Data extract>
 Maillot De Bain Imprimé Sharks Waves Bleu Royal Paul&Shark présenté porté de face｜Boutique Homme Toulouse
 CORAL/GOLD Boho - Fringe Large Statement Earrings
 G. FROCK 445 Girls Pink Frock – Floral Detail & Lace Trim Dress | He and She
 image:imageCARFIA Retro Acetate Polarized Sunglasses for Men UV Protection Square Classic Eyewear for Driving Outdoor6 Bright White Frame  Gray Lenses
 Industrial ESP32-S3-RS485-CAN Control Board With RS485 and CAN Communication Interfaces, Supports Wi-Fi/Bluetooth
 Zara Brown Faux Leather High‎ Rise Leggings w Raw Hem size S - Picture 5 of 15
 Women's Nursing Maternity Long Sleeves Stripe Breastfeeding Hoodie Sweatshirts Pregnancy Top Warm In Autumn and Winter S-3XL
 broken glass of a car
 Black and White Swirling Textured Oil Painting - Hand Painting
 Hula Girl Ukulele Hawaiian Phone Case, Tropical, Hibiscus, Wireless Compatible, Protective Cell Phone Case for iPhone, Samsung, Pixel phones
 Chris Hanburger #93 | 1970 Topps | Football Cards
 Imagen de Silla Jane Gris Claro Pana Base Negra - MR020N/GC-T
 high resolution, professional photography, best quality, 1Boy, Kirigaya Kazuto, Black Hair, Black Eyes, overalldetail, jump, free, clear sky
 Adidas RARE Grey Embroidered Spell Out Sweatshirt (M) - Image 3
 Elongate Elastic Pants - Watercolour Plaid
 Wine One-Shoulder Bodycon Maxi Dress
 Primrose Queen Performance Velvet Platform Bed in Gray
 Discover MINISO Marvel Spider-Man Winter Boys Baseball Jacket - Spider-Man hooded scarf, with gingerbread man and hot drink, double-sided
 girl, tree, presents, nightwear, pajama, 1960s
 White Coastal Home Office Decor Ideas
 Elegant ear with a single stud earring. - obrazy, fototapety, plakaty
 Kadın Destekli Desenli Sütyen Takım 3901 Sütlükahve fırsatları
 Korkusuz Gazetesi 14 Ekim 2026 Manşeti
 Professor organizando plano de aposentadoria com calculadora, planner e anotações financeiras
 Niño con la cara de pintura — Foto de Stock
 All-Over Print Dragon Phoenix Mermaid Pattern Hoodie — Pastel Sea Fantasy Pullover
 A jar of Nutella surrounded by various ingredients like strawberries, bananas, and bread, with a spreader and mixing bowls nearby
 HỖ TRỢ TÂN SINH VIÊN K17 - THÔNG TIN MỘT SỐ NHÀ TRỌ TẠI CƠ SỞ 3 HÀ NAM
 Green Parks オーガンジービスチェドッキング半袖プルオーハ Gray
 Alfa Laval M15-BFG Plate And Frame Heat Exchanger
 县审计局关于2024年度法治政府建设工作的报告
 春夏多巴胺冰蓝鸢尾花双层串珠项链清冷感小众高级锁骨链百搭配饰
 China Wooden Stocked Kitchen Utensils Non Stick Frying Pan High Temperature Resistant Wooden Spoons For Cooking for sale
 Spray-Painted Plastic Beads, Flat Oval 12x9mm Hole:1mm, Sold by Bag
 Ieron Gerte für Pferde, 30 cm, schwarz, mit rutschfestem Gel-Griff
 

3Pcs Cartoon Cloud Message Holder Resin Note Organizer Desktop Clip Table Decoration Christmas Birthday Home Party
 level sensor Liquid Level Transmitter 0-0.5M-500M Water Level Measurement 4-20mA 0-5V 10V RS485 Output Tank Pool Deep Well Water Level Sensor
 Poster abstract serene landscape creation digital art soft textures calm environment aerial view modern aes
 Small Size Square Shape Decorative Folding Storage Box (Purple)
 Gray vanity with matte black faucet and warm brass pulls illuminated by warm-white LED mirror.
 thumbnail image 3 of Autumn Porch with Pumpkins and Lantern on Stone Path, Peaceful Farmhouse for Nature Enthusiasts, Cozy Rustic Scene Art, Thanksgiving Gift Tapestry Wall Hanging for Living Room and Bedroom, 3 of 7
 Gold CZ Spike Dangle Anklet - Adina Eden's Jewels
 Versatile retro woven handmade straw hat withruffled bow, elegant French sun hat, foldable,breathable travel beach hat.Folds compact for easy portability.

Required action> Your reply should be only the count of lines in the entries above that contain the word "Hoodie".

Result for this exercise> 2